### [What is required]
Nothing but the lines from the one that contains "Spaccio, documenti falsi" through the end of the listing should appear, set down exactly.
--------------------
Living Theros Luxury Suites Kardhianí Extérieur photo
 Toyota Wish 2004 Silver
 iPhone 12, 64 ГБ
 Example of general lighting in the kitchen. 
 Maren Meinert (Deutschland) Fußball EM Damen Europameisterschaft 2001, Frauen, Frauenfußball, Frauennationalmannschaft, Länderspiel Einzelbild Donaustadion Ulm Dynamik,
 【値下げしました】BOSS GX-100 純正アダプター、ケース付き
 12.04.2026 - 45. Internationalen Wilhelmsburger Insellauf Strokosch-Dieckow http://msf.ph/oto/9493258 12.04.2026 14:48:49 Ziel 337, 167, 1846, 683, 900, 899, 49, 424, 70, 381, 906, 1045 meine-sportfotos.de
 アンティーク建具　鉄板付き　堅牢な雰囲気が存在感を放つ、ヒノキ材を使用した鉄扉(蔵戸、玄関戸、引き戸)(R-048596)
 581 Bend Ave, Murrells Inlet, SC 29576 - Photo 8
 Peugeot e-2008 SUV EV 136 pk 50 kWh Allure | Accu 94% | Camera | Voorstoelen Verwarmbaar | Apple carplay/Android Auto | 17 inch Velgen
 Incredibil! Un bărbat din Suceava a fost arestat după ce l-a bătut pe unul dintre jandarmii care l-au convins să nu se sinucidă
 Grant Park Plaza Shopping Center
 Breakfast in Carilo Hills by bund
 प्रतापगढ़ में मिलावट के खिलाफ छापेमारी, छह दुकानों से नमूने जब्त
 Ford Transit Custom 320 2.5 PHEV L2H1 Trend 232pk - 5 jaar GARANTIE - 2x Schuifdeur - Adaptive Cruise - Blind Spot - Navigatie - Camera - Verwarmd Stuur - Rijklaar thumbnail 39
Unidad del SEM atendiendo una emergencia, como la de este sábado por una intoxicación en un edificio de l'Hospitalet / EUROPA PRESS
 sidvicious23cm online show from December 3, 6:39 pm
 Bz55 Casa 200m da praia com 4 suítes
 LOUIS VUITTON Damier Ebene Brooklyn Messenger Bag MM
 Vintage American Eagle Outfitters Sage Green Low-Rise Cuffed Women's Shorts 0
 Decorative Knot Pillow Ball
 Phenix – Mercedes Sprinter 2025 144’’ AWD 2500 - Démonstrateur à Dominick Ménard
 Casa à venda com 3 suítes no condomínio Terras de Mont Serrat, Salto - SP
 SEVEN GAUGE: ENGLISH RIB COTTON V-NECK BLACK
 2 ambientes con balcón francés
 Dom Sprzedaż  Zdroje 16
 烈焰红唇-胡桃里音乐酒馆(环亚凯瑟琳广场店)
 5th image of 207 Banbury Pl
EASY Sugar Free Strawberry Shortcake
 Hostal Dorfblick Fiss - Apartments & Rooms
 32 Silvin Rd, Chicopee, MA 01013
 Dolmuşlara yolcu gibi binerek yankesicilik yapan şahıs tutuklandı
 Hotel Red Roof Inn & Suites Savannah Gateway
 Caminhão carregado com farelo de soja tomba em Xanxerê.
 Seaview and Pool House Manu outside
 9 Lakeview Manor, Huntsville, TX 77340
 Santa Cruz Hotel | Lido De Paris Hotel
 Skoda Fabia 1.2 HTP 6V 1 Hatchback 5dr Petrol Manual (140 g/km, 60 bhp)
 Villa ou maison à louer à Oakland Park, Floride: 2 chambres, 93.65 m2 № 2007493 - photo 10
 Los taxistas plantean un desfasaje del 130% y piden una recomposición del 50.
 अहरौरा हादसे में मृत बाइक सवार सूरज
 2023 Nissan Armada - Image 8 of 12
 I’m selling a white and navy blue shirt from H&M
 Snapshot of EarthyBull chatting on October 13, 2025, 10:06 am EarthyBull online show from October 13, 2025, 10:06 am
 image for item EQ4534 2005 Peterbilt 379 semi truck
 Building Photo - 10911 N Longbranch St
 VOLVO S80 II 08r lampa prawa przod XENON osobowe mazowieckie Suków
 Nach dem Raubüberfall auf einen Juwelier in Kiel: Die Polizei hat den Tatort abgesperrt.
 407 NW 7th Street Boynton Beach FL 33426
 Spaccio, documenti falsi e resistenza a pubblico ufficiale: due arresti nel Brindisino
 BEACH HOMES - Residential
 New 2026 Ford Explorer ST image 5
--------------------
### [Task answer]
 Spaccio, documenti falsi e resistenza a pubblico ufficiale: due arresti nel Brindisino
 BEACH HOMES - Residential
 New 2026 Ford Explorer ST image 5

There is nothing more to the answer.